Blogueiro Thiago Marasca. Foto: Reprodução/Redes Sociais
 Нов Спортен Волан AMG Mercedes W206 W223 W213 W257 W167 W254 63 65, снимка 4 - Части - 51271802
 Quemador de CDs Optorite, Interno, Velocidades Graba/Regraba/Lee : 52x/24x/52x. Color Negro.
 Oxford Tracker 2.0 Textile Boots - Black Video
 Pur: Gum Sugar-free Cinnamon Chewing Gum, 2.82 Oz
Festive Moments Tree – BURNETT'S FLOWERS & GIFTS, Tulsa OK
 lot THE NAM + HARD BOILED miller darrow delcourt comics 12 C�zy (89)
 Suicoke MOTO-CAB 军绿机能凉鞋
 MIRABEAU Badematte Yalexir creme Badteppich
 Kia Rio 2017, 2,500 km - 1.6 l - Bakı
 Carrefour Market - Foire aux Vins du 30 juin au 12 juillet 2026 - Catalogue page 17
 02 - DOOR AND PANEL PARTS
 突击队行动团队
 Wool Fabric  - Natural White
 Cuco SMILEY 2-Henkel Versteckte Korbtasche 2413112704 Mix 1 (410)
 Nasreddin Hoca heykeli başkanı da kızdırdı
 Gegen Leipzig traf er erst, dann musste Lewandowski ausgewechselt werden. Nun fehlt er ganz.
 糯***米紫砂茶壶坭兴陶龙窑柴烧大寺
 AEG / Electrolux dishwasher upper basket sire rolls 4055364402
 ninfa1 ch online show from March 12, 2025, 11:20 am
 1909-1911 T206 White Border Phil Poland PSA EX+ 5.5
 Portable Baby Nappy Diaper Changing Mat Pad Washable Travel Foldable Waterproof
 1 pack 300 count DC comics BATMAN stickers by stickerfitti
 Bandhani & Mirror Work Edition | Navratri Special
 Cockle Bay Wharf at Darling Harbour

===

• **What to work on**: Wherever "White" appears in a line of the entries, copy that line.

• **Exercise solution**:
 Wool Fabric  - Natural White
 1909-1911 T206 White Border Phil Poland PSA EX+ 5.5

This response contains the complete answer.